Where did the term “slain in the Spirit” come from and where in the Bible is it mentioned?
“Slain in the Spirit” is a term that is used to refer to someone falling down because the power of the Holy Spirit came upon them. Some claim the expression “slain in the Spirit” was started by Kathryn Kulhman. The expression may have also been used prior to her by the Methodists. Yet, it is never referred to by the early church Fathers.
Those who experience being “slain in the Spirit” say their experience is a light, positive emotion. There are many Christians today who seek this experience for a variety of reasons. Regardless of one’s view on the subject, the question we must ask is, “What does the Bible say?”

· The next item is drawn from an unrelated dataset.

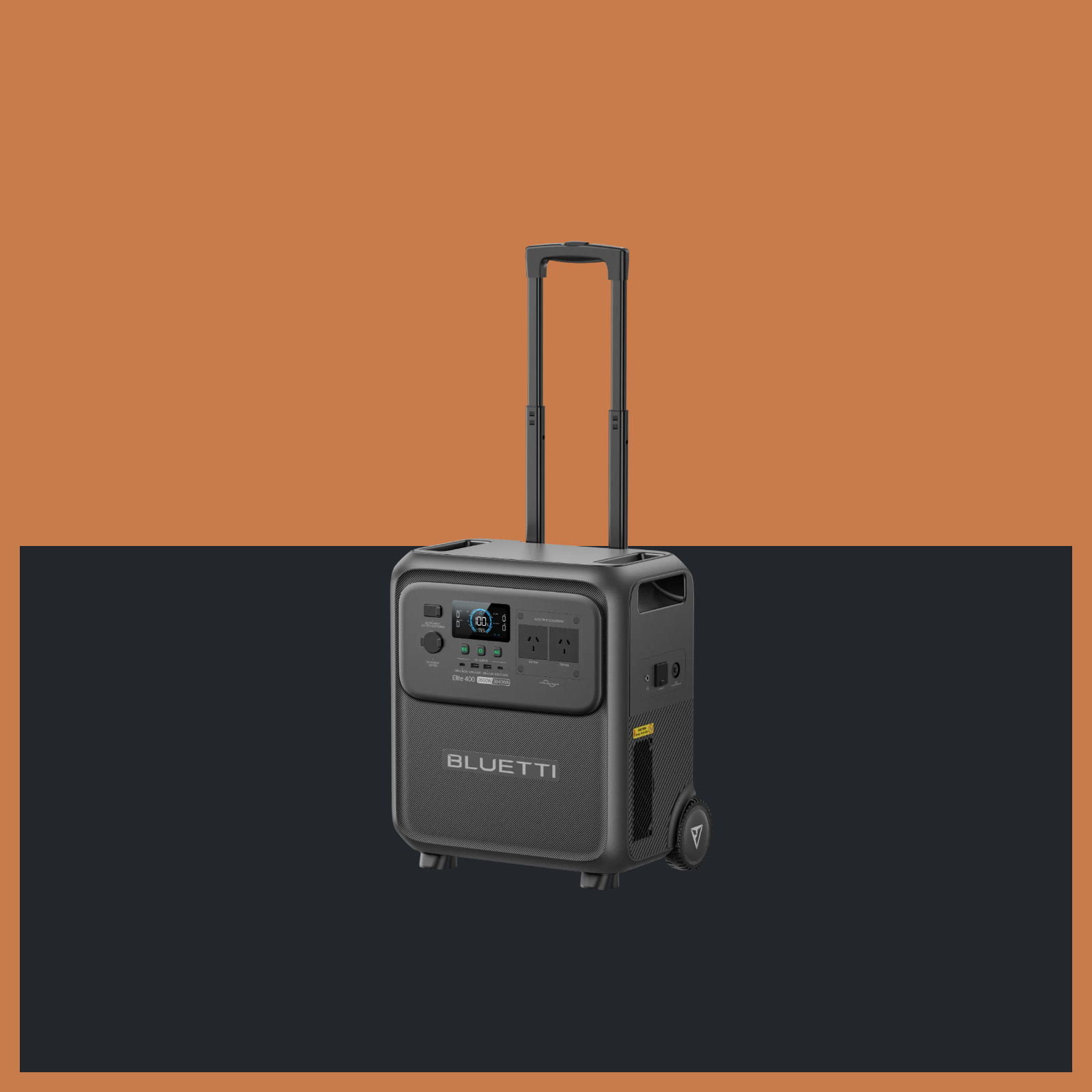 BLUETTI product photo bluetti-final-025.png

The expression “slain in the Spirit” does not occur anywhere in the Bible. It is not a biblical term. Some refer to Old Testament passages as examples of being “slain in the Spirit,” but the references are consistently about dreams, visions or a person choosing to lie down on the ground because they were afraid when God or an angel appeared. The closest biblical account of someone being “slain in the Spirit” is Paul, the apostle, in Acts 9:4. What Paul experienced, however, is not being “slain in the Spirit.” We do not see a pattern of this in the Word of God. The concept of being slain in the Spirit is foreign to the Bible.
Remember the Word of Truth (2 Tim. 2:15) is our standard for judging. While scripture does not mention being “slain in the Spirit” it does tell us to be “filled with the Spirit” (Eph. 5:17-18).